I Googled exploding Pyrex dishes and got ten million hits.
Exploding Pyrex is very common.

Here is the story.

A long, long time ago in a country we all know and love was a
company named Corning. They made Pryex dishes. The material they used is called borosilicate glass. This stuf f is indestructible.
But like everything else, the Bottom Liners had a great idea: sell the technology to another company. The Chinese discovered that using soda lime glass was almost as good as borosilicate glass and a lot cheaper. Today, Wal-Mart is the lar gest distributor of Pryex products. Corning not only sold the technology to a company called World Kitchen, they also sold the rights to the original Pyrex logo. Seamless. The consumer will never know.
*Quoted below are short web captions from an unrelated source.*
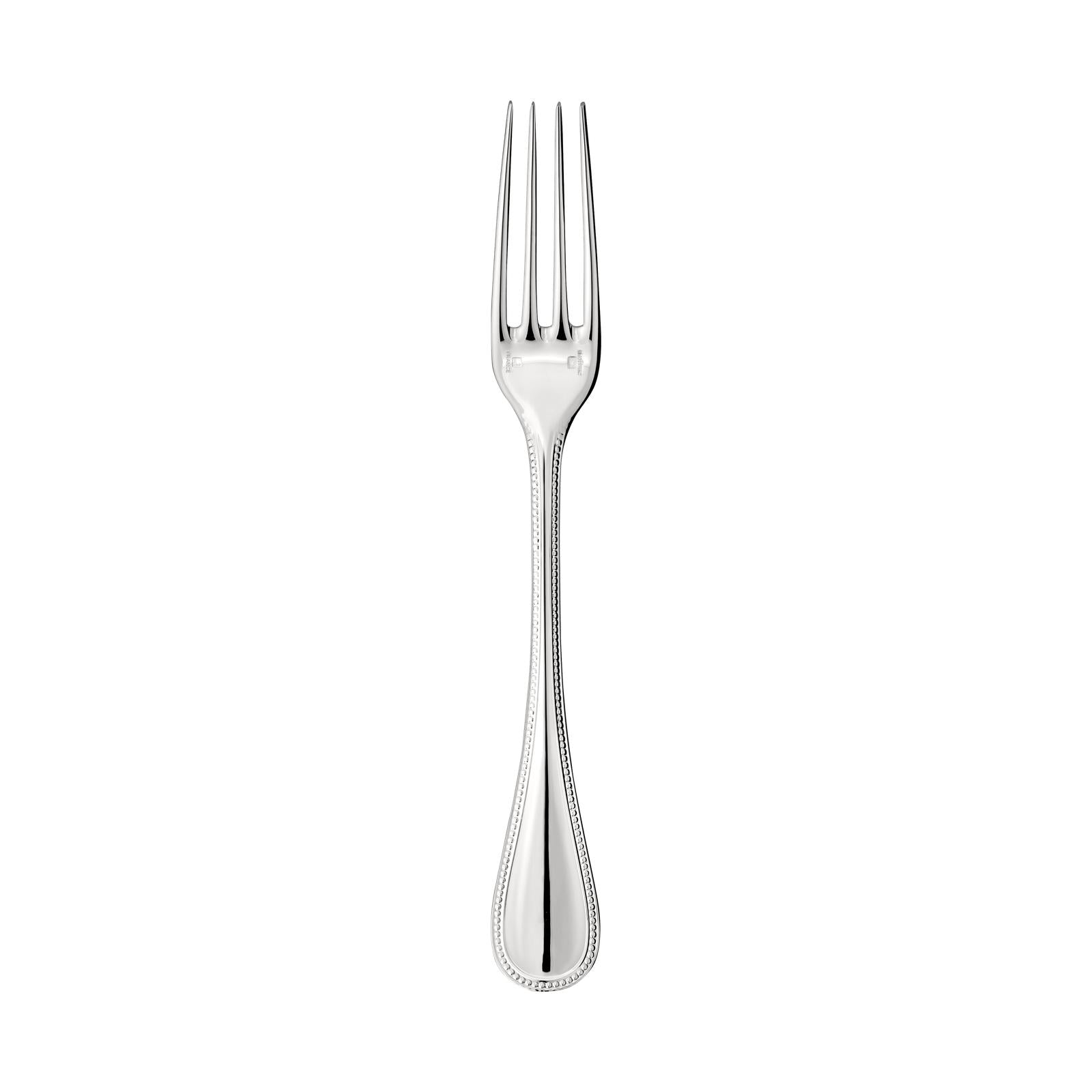 Christofle Perles Dinner Fork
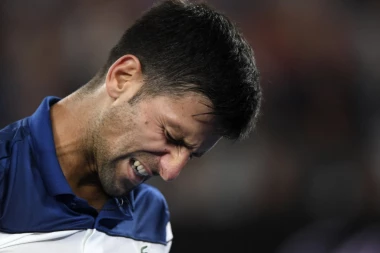 NOVAK ZABRINUO FANOVE: Možda moram opet na dužu pauzu
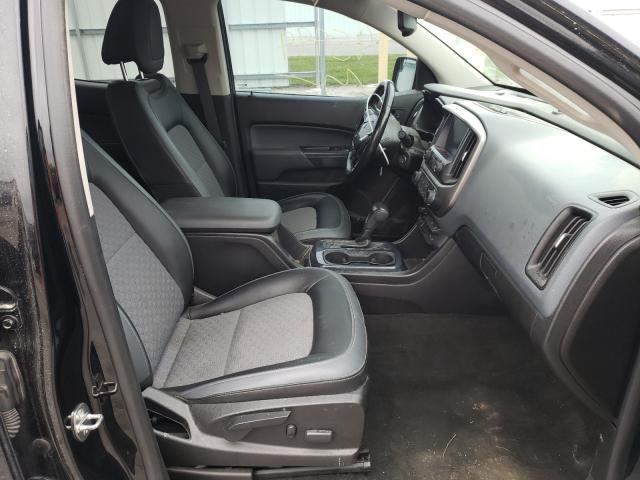 Chevrolet Colorado z 2016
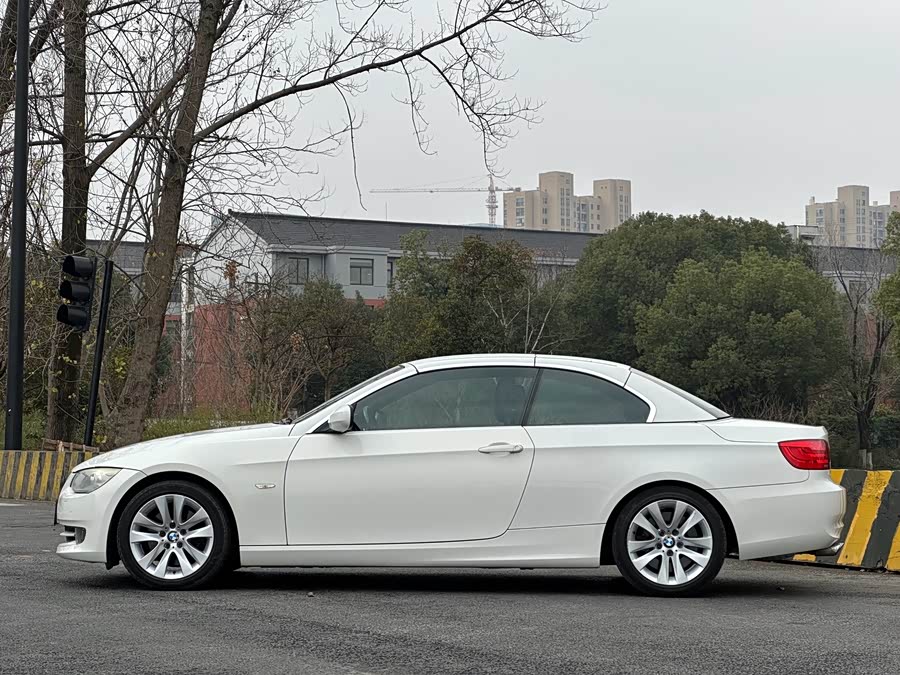 BMW 3 Series (Imported) 2010 car image #8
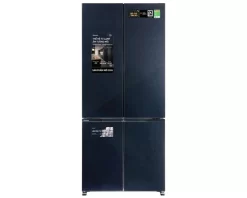 Tủ lạnh Panasonic Inverter 520 Lít Multi Door NR-XZ590HGKV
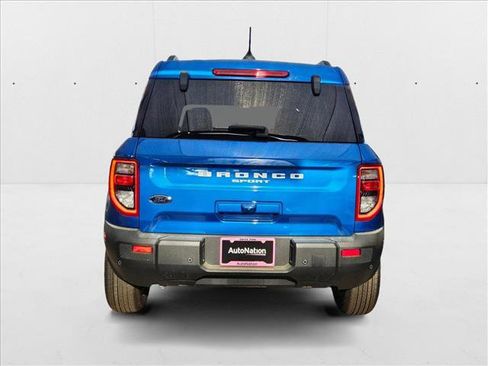 New 2025 Ford Bronco Sport Big Bend image 7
Now it seems people are getting hurt using soda lime Pyrex. We
were lucky because the dish broke while the oven was closed and the damage was limited to the oven cavity. Others have been less fortunate. Some dishes explode when they are lifted from the heating rack in the oven with devastating results. Some people are heavily scarred. World Kitchen is in denial. They say that the dishes are another brand, not theirs. Contrary to their denials the victims usually have more than one of these dishes and the Pryex logo is clearly visible.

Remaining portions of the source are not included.